Although people produce more trash than they did in 1960, less of it goes into landfills. According to a study conducted by the Environmental Protection Agency (EPA) Landfill Methane Outreach Program, each American produced 2.7 pounds of trash daily in 1960. Approximately 2.5 pounds of it ended up in landfills.
In 2017, the year the EPA conducted this study, 2.3 of every 4.5 pounds of daily trash generated by Americans went to the nearest landfill. Although this is a good news, bad news scenario, it does provide encouragement for people who work in the recycling industry that their work is paying off.

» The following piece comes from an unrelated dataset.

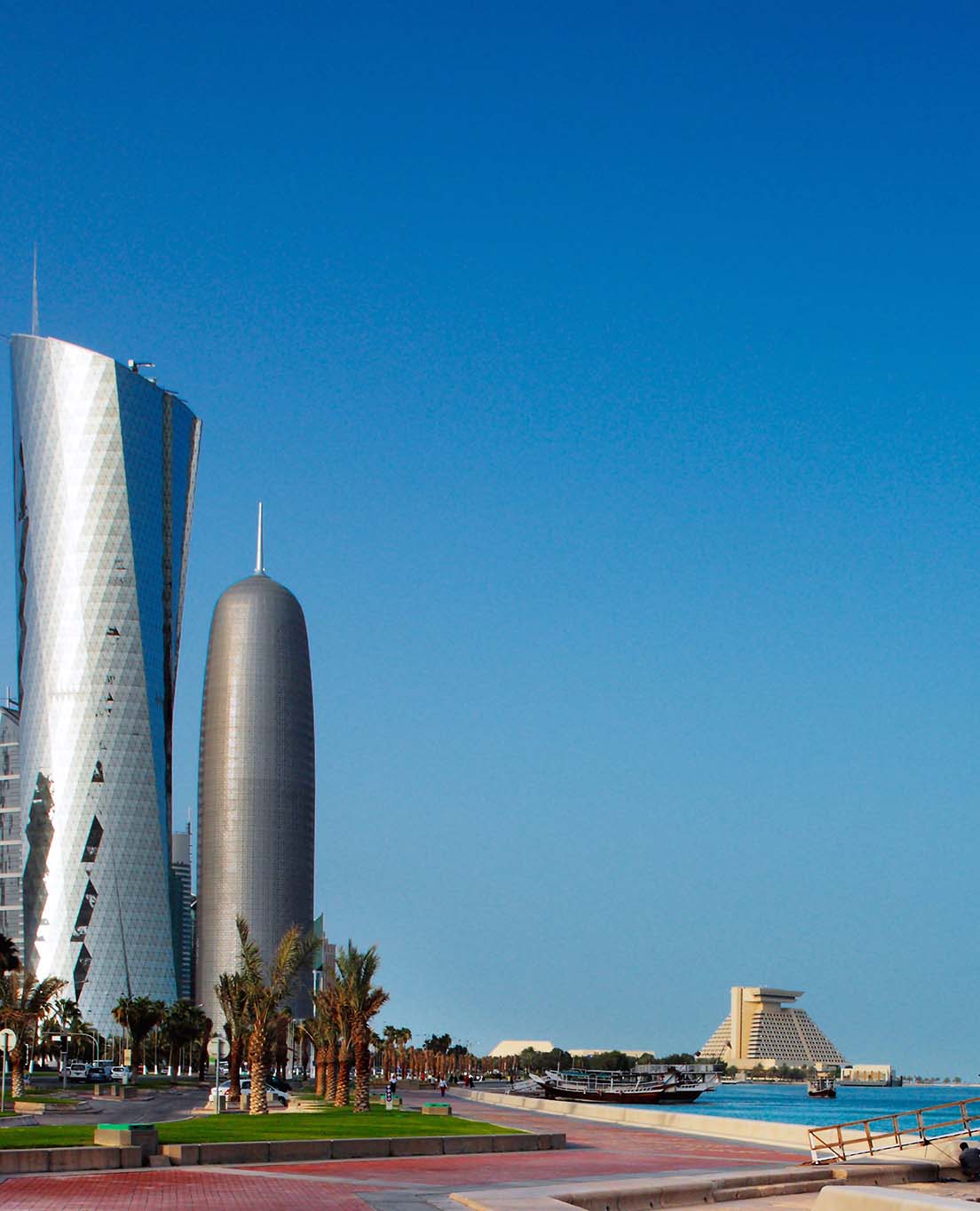 Tổng Quan về Qatar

USA Still Among the Most Wasteful Countries
Recycling rates have more than doubled in the past 30 years, as has the rate of composted trash. Composting describes the process of burning trash to generate electricity. However, this solution is not without its problems since it contributes to environmental decline.
Private companies currently own half of the nation’s 1,280 landfills. What that means in practice is that these companies control what happens to 75 percent of the trash generated by American consumers. Local municipalities own 580 landfills, but at least 300 of those will have to close within the next few years because they have reached capacity.
Because waste production is not slowing down, the landfills that remain will overflow with trash. The result is unwanted environmental stress and potential health hazards for the people who live in municipalities that contain a landfill.
The entire trash and recycling industry has been operating in crisis mode since 2017, the year that China stopped accepting imported recyclable material from the United States. Prior to four years ago, one-sixth of all trash Americans generated went to China. The situation has gotten so urgent that some states must ship trash to other states because they simply have no place to put it.
When Will American Landfills Reach Their Capacity?
An organization called Solid Waste Environmental Excellence Protocol (SWEEP) predicts that the United States will run out of landfill space by 2035 if Americans do not change their consumption and disposal habits. Paper and packaging material take up more landfill space than anything else.
Educational campaigns may convince some Americans of the need to take recycling seriously. The country also needs more environmental groups to step up with innovative solutions to its trash overload problem.